The Devil smiled and pulled out a card from which he read, “The answer is ‘Choking the chicken.’”
“I beg your pardon?”
The Devil was losing his patience.
“We’re talking about serious sin here! I’m referring to the last time you milked the weasel, Mr. Rabinowitz! Drained the lizard! Shook hands with Mr. Happy! Don’t toy with me, my friend! I give the answers, you supply the questions! But perhaps I might supply you with a hint concerning your offense.” The Devil leaned forward and pointed to the river of fire near the front gate. Immersed in its flames were perhaps two dozen naked screaming sinners who were forced to sing the lyrics of ‘The Brady Bunch.’

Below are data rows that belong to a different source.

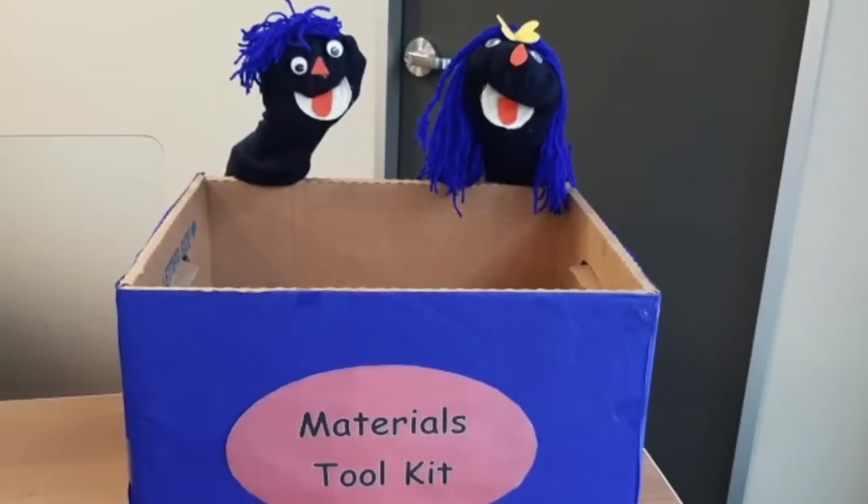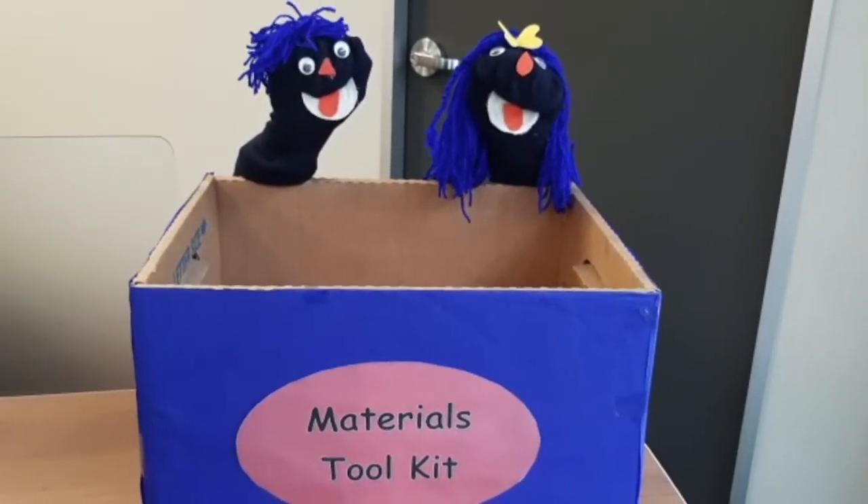Here's Peter Petra to help us put the materials into the materials toolkit.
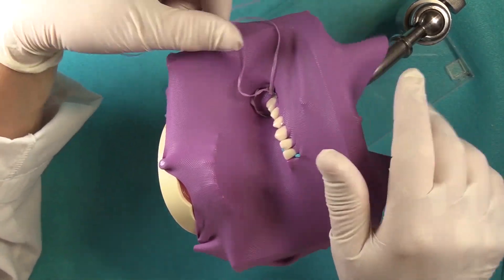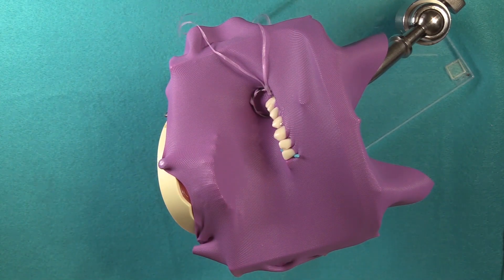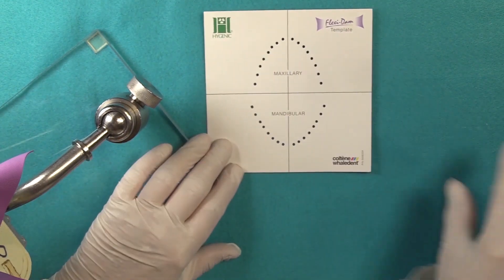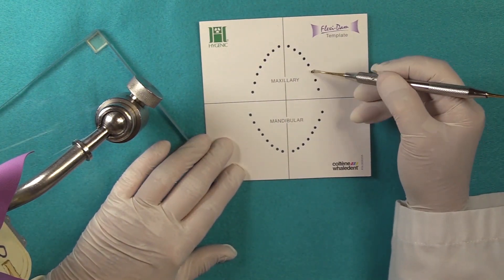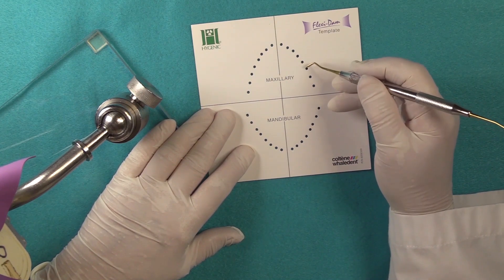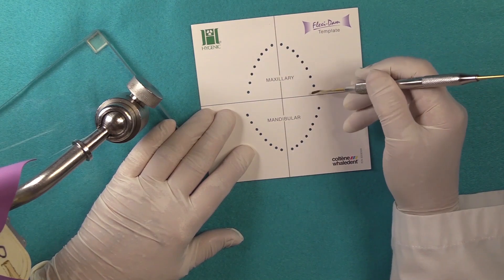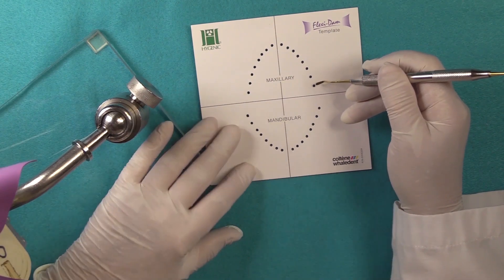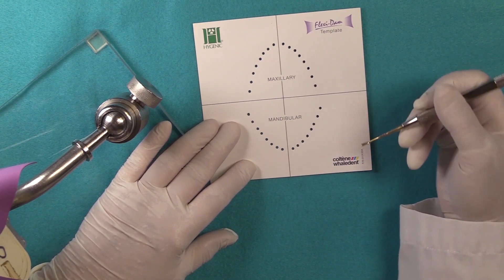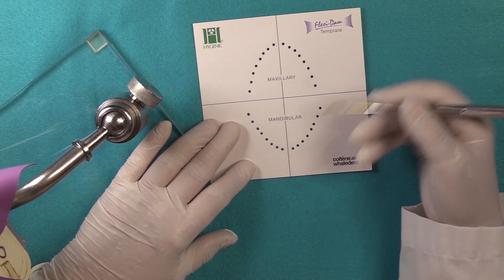The other thing, when we mentioned about punching your holes — there are templates and stamps that are available. The spacing between these holes is meant to be a specific distance because you need enough material to invert and cover the interdental papillae. Otherwise, you're going to have leakage. We also have a stamp that you can stamp the dental dam, but make sure you use a permanent ink and not a water-soluble ink, otherwise there'll be ink all over the place.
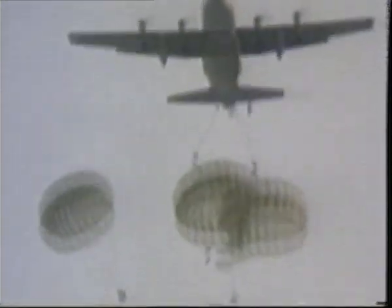In the paratrooping role, it's usual to load up to 64 dropping troops per aircraft, although the stretched C-130H-30 and RAF Hercules C Mark III can drop 92.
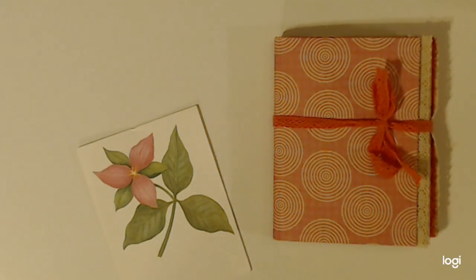Good evening, it's Karen, and I am here to show you a flip through of my mini challenge number four.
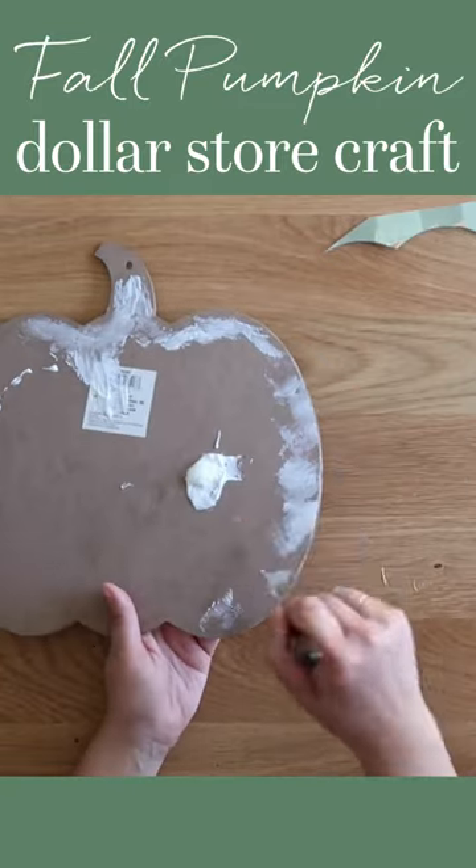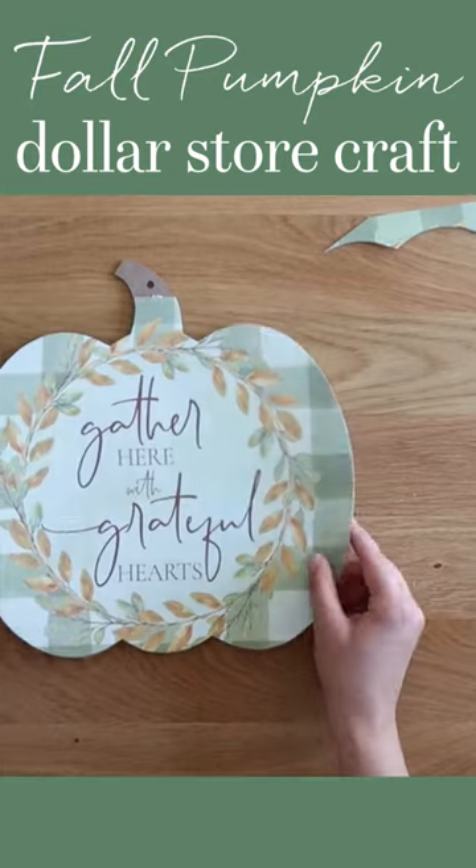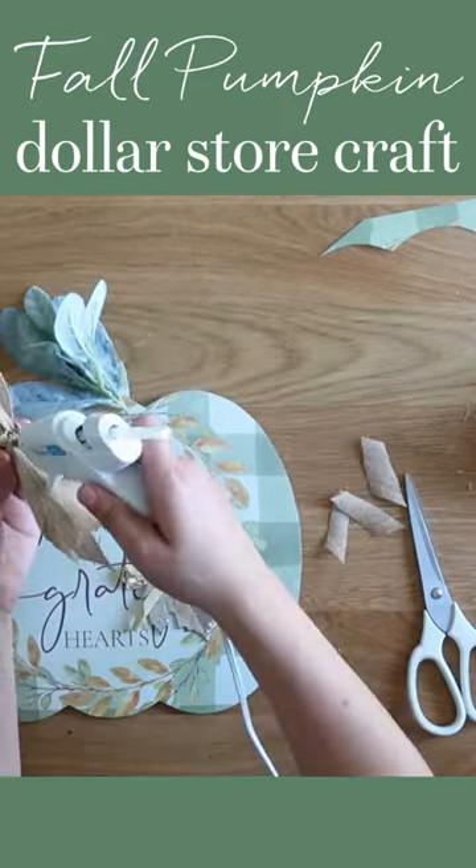Cover the back of the pumpkin door hanger with tacky glue, then lay the placemat cutout over the glue and smooth it down. Embellish the pumpkin with faux greenery, a simple bow, and that metal leaf from before.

“Look closely at those tortured souls, Mr. Rabinowitz. All are unclean practitioners of the sound of one hand clapping! First we boil them in oil for a few years, then we subject them to reruns of ‘The Jeffersons.’ After that they usually beg to go back into the oil! Now, the answer I gave pertains to the last time you kneaded the knockwurst ...”
This guy was clearly no Alex Trebek. And his metaphors could have used a little more finesse.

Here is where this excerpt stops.